「ムーンライト・イン・バーモント」は、1944年にカール・シュースドルフが作曲し、ジョン・ブラックバーンが作詞したバラードである。ヴァーモント州の秋冬の自然を詠んだ歌詞は韻を踏まないという異色の構成で、各ヴァースが俳句のような5-7-5の音節パターンを持つことでも知られる。
楽曲は32小節のAABA形式で、オリジナル・キーはD♭メジャーだが、リアル・ブックではE♭メジャーで記譜されている。Aセクションは6小節という短めの構成で(計AABA = 6+6+8+6+2小節のコーダ)、全体の小節数は通常の32小節からやや変則的になる。メロディは穏やかに弧を描き、ハーモニーはダイアトニックな進行を基本としながらも、ところどころにクロマティックなパッシング・コードが散りばめられ、静謐で詩的な雰囲気を醸し出す。

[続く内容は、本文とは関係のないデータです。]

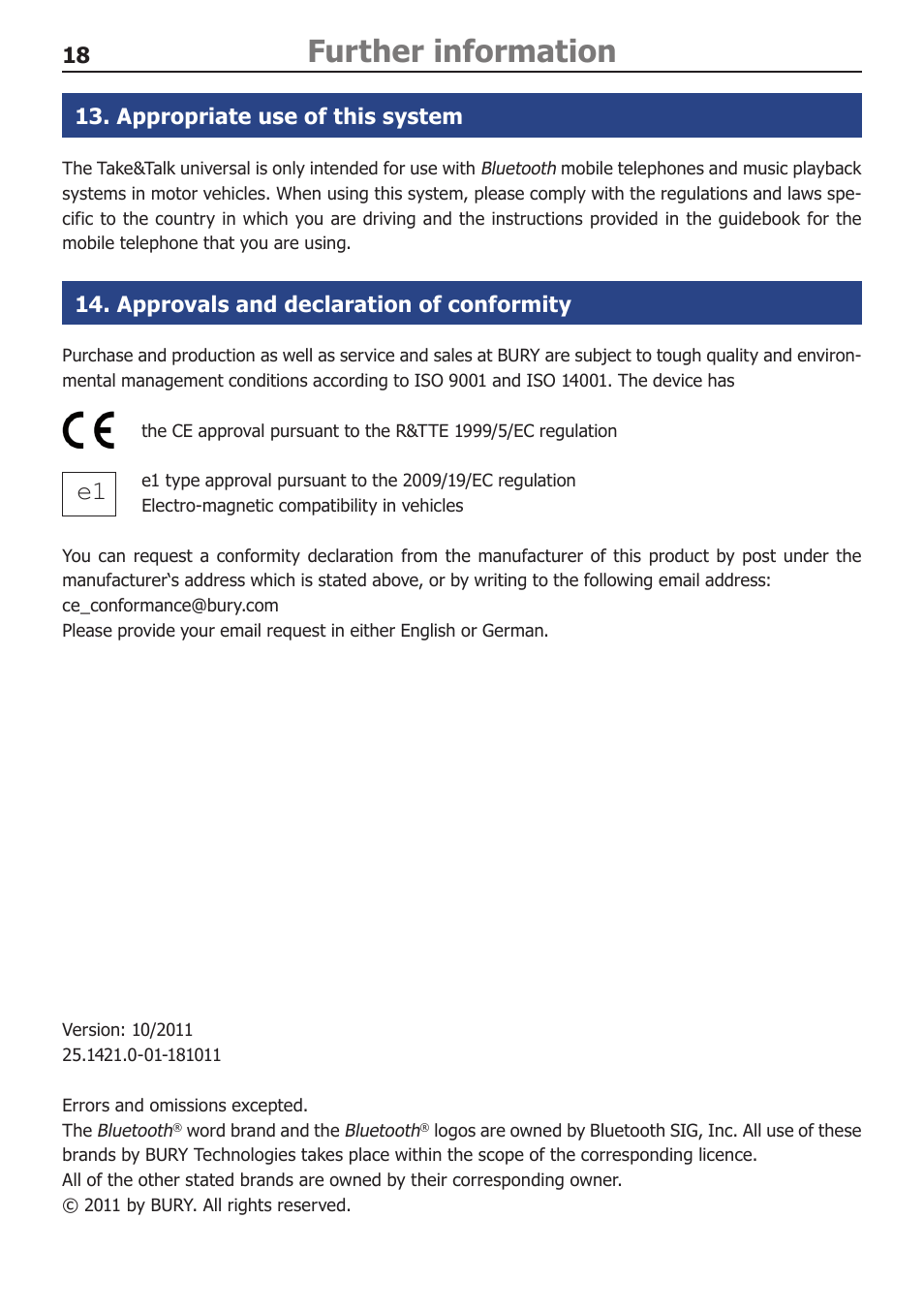 Further information | BURY UNI Take&Talk universal User Manual | Page 20 / 24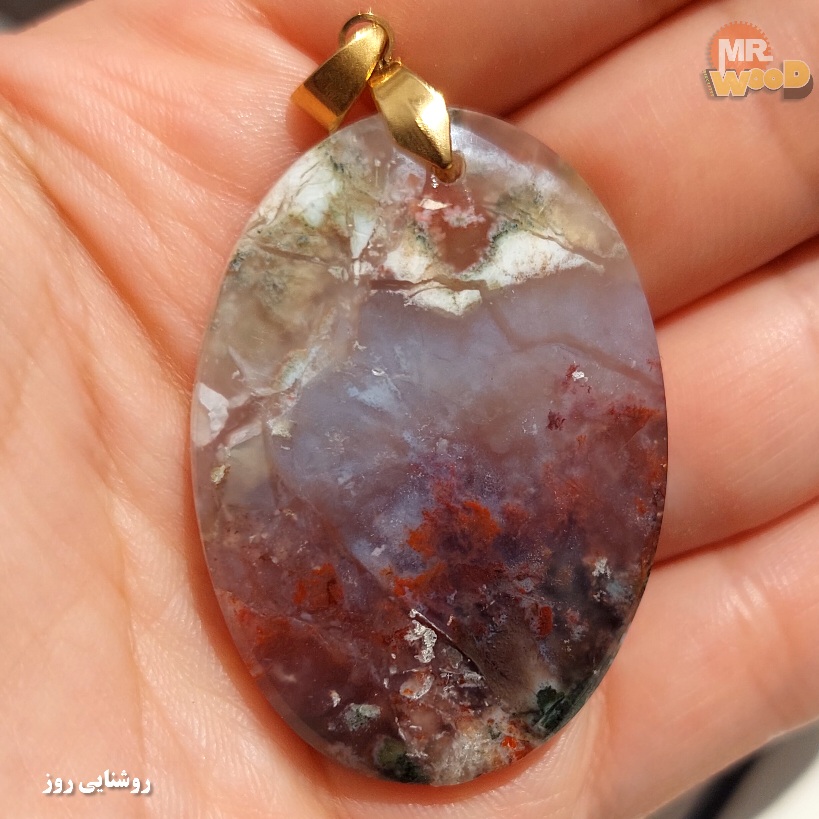 Natural Khorasan dendritic agate pendant with misty landscape pattern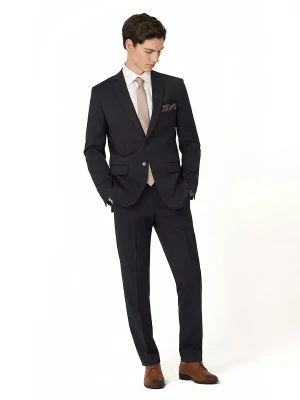 KUBENZ - Granatowy garnitur PRIME LUX NAVY SC slim - Z dodatkiem wysokiej jakości wełny - Gładki - Styl elegancki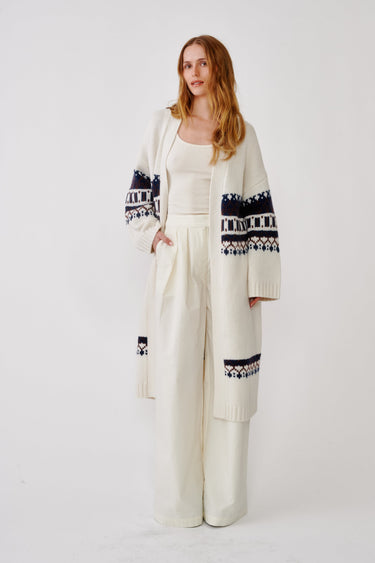 CEDAR SLOUCHY CASHMERE FAIR ISLE DUSTER | GARDENIA FAIRISLE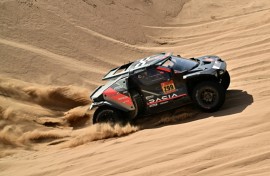 Nasser Al Attiyah on his way to a record-equalling 50th victory in the cars at the Dakar Rally on Friday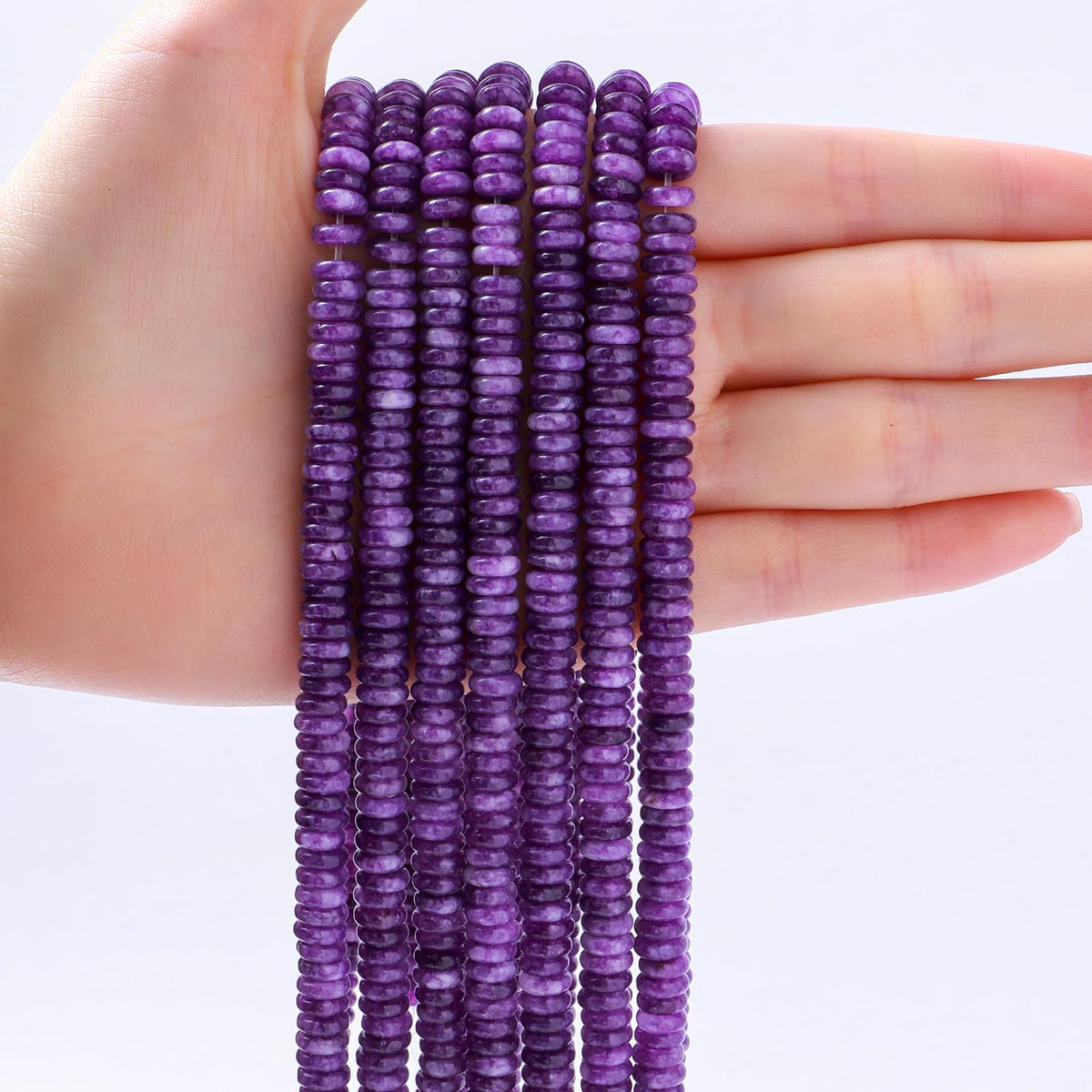 Natural Dark Amethyst Disk Stone Spacer Beads 6x2mm 38cm/str Flat Rondelle Loose Semi Gemstone Caps for Making Bracelets Necklace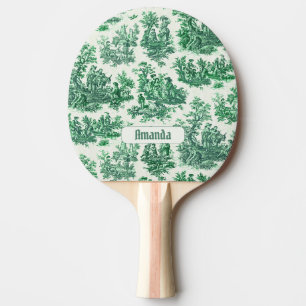 Pala De Ping Pong Monograma vintage de tela verde floral jouy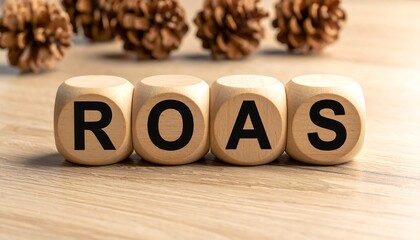 Wooden cubes spelling ROAS on a light wooden surface with pine cones in the background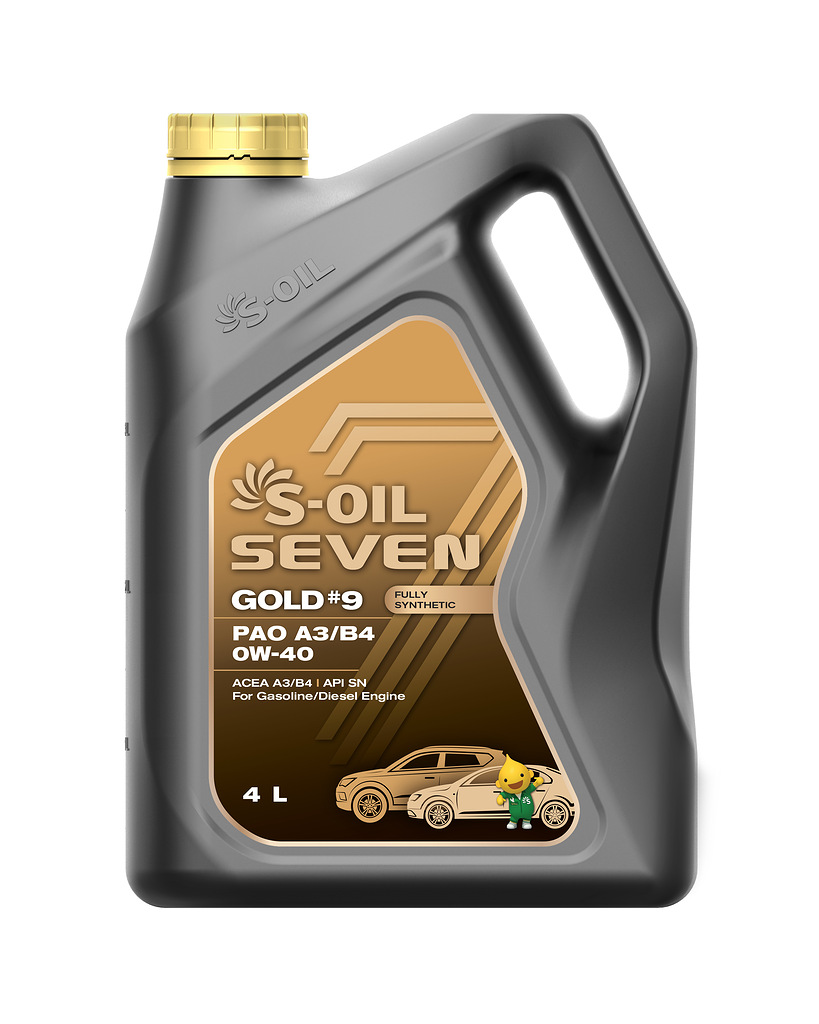 Масло Моторное S-OIL 7 GOLD #9 PAO A3/B4 0W40 (4л), синтетика (1/4)
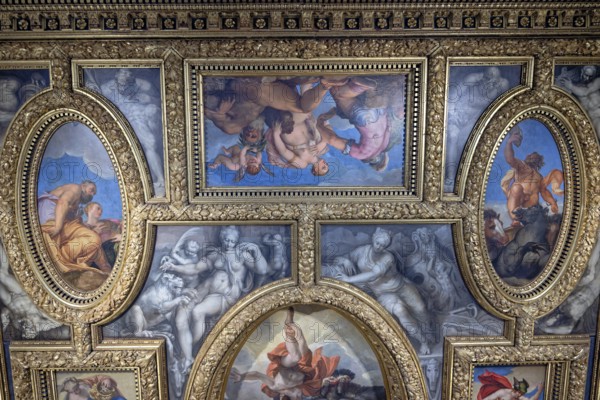 Baroque ceiling adorned with mythological frescoes, trompe l'oeil painting and gilded frames, Doge's Palace, Venice, Veneto, Italy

バラードとして演奏されることが多いが、ボサノヴァ・アレンジも人気がある。
初録音は1944年のビリー・バターフィールド楽団によるマーガレット・ホワイティングのヴォーカル版で、大きなヒットとなった。ジャズの世界ではギタリストジョニー・スミスがスタン・ゲッツと共演した1952年の録音が決定的な名演として知られ、多くのギタリストに影響を与えた。エラ・フィッツジェラルドやフランク・シナトラの歌唱版も広く親しまれている。